Eric Rohmer for beginners

Everything you need to know when coming new to the beguiling world of French director Eric Rohmer, famous for his three great film series about love and relationships.

Eric Rohmer filming Pauline at the Beach (1983) with actor Arielle Dombasle

Five years on from his death, BFI Southbank has started 2015 with a timely reassessment of Eric Rohmer. The least flamboyant member of the French New Wave, he achieved such a rare consistency of theme and tone that the elegant, erudite features he produced over four decades for his own Films du Losange company were instantly recognisable.

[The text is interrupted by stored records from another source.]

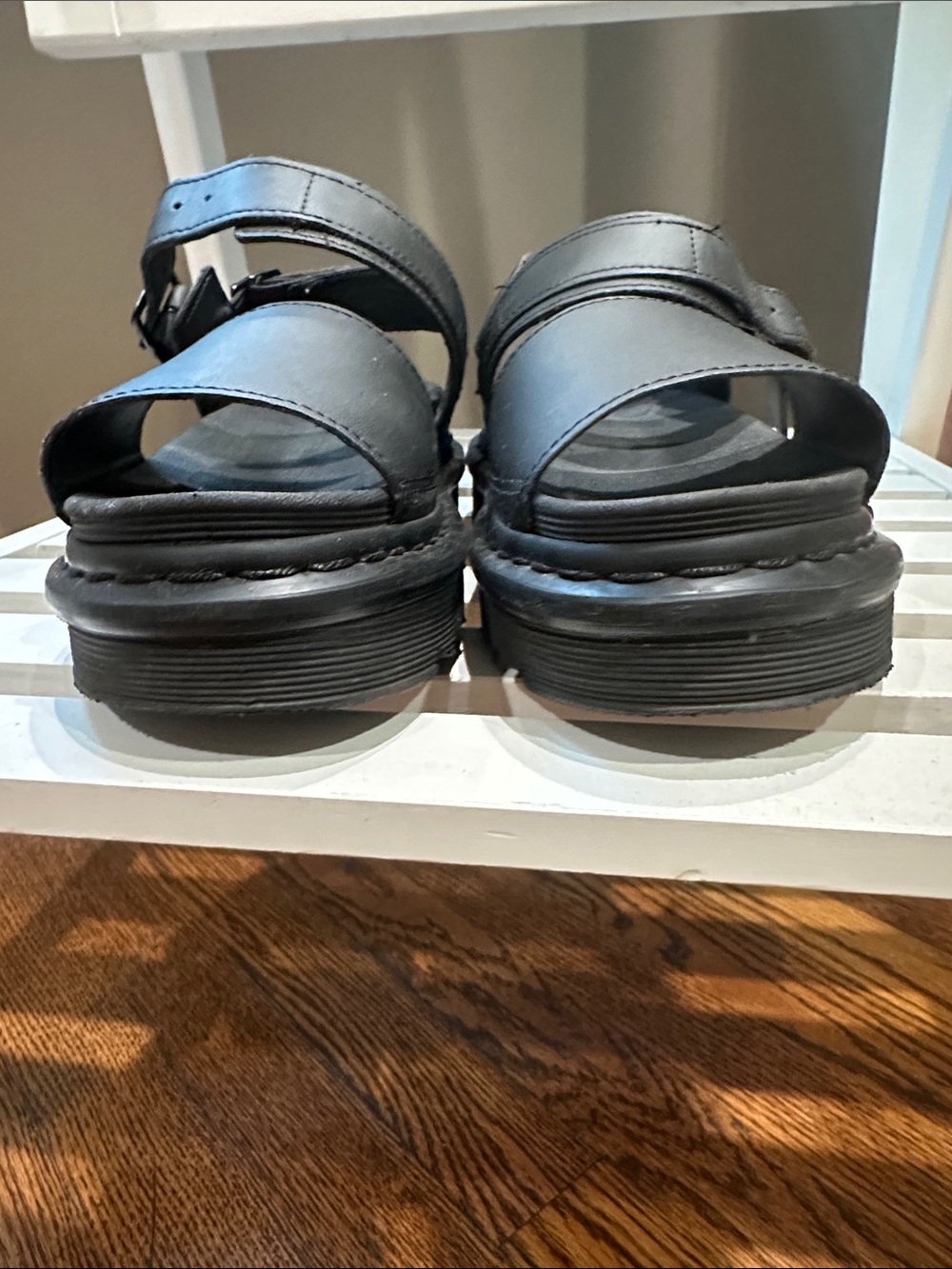 Dr. Martens Voss Platform  Sandals - Picture 10 of 14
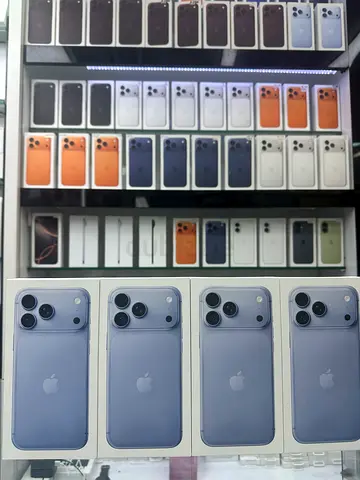 iphone 18 pro max 512 blue tdra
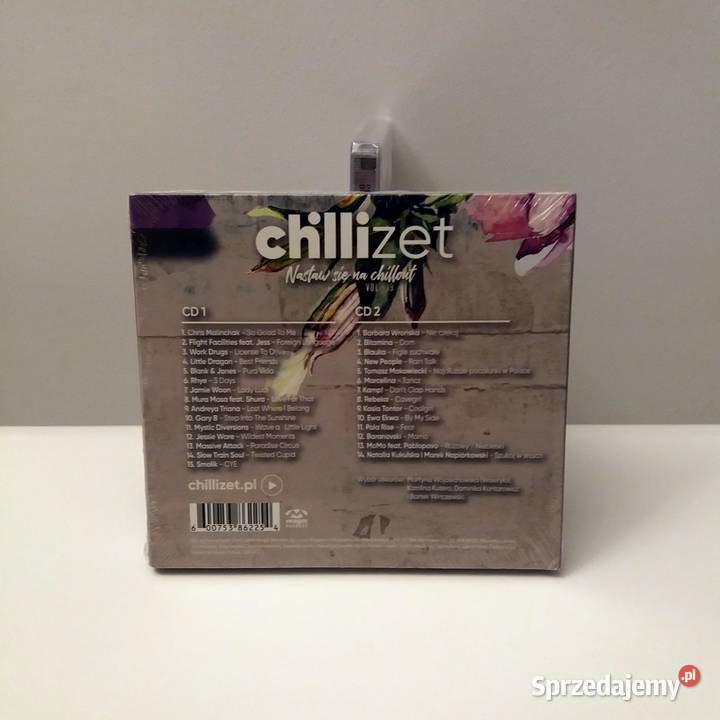 Nastaw się na Chill Out Volume 19 Chilli Zet Łódź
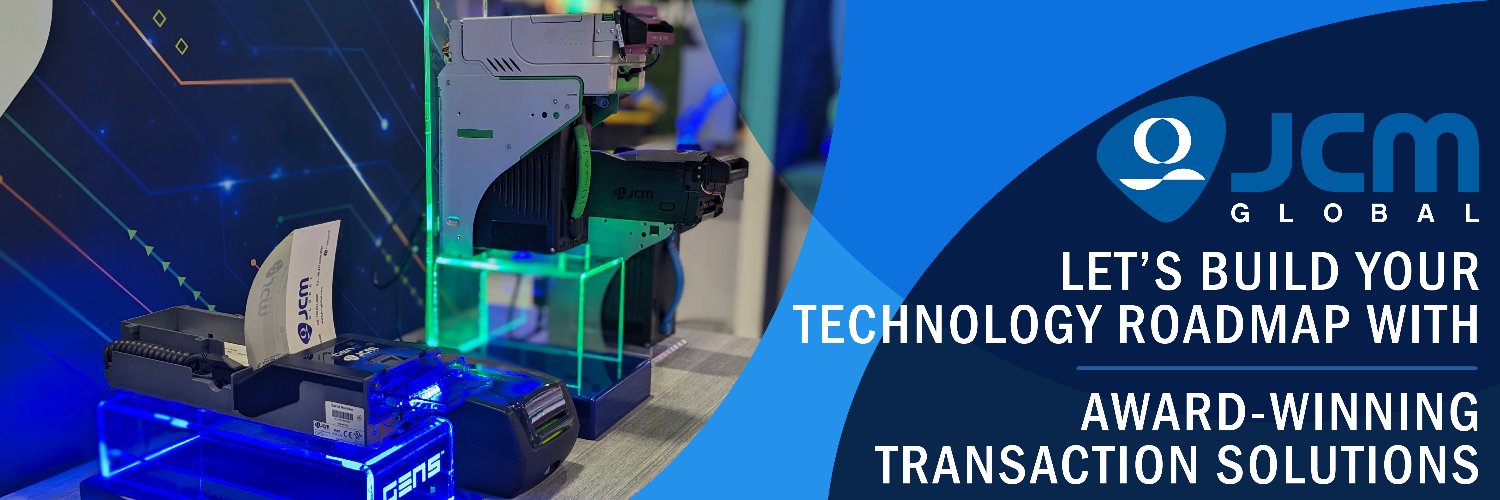 JCM Global banner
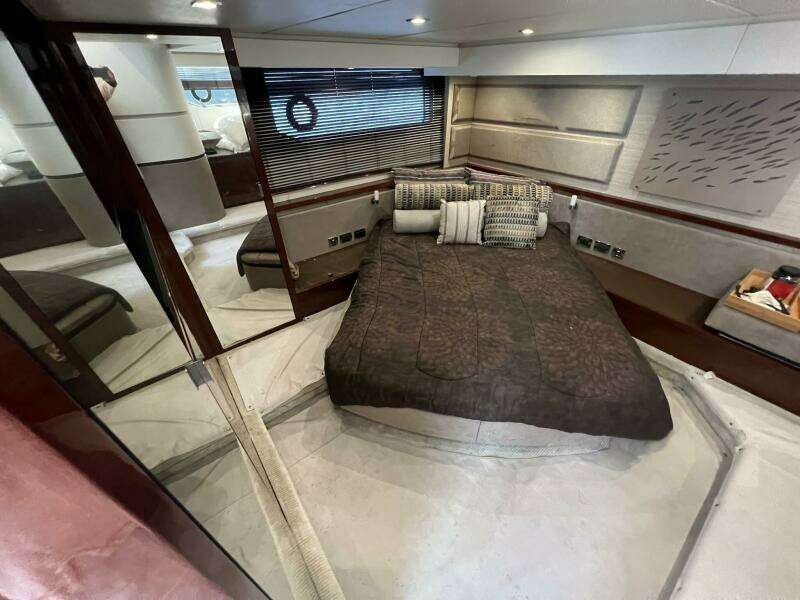 At Last 55ft Sea Ray Yacht For Sale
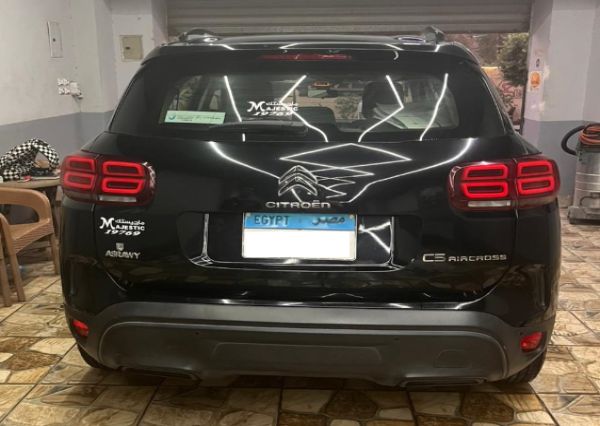 سيتروين سي 5 2021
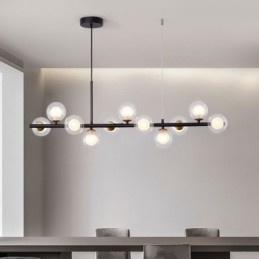 Pendel Magic Beans Molecular Glass Loftslampe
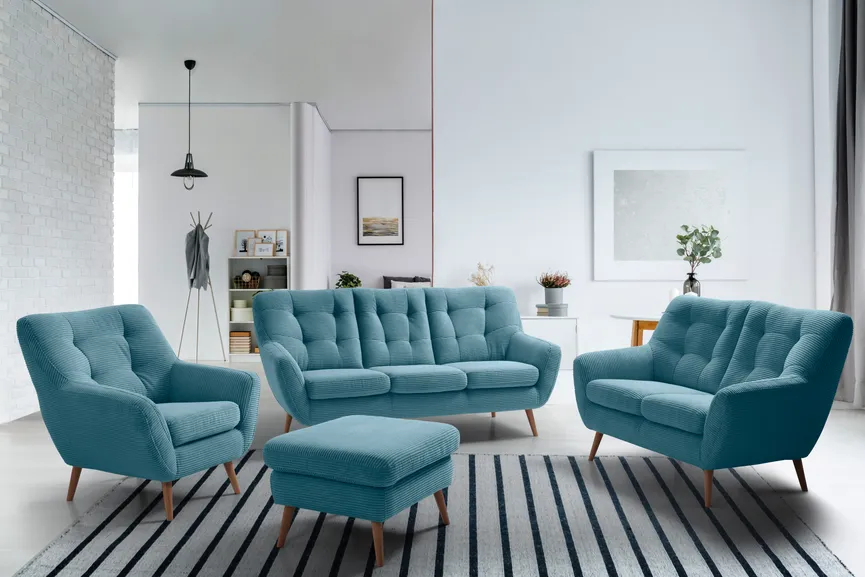 3-Sitzer 3LR milieu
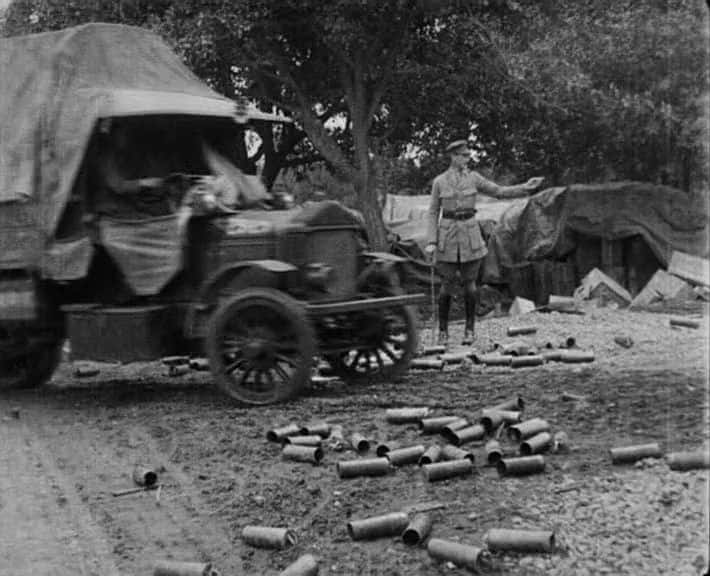 ¼Ƭķս - ԭӰ The Battle of the Somme - The Original FilmĻ/Ļ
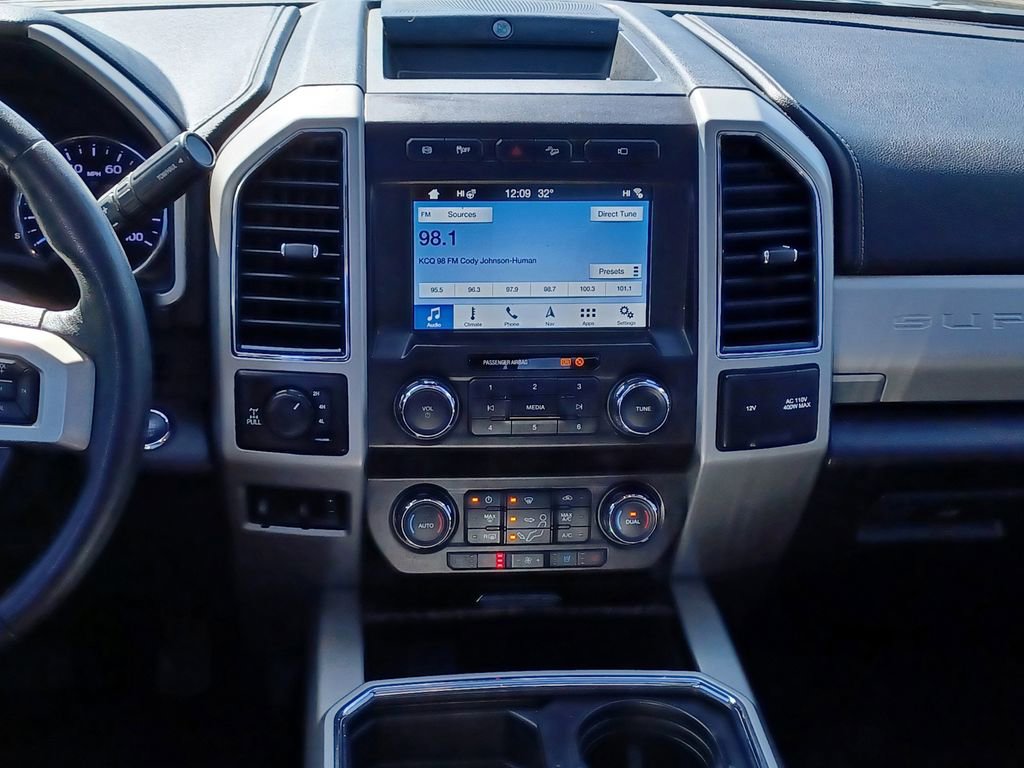 Used 2019 Ford F350 Lariat w/ Lariat Ultimate Package image 35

Reliant more on gestures and glances than melodramatic actions, Rohmer’s series and stand-alone offerings were witty, astute and compassionate. But, while his pictures speak volumes about the preoccupations of ordinary people, they reveal very little about the man who made them.

Something of an enigma

Eric Rohmer took his privacy very seriously. He told some reporters he was born Maurice Henri Joseph Schérer, others Jean-Marie Maurice Schérer. His birthplace was sometimes Tulle, other times Nancy, while his birthday was variously given as 21 March 1920, 1 December 1920 and 4 April 1923.

A Good Marriage (1982)

He published the 1946 novel Elisabeth under the nom de plume Gilles Cordier, while his cinematic pseudonym was inspired by Erich von Stroheim and pulp novelist Sax Rohmer. Although never a recluse, he insisted he kept a low profile so he could shoot quickly and cheaply on location. However, he attended the New York premiere of one of his films wearing a fake moustache and his bourgeois, Catholic mother, Mathilde, supposedly died without ever knowing that her son was a famous film director.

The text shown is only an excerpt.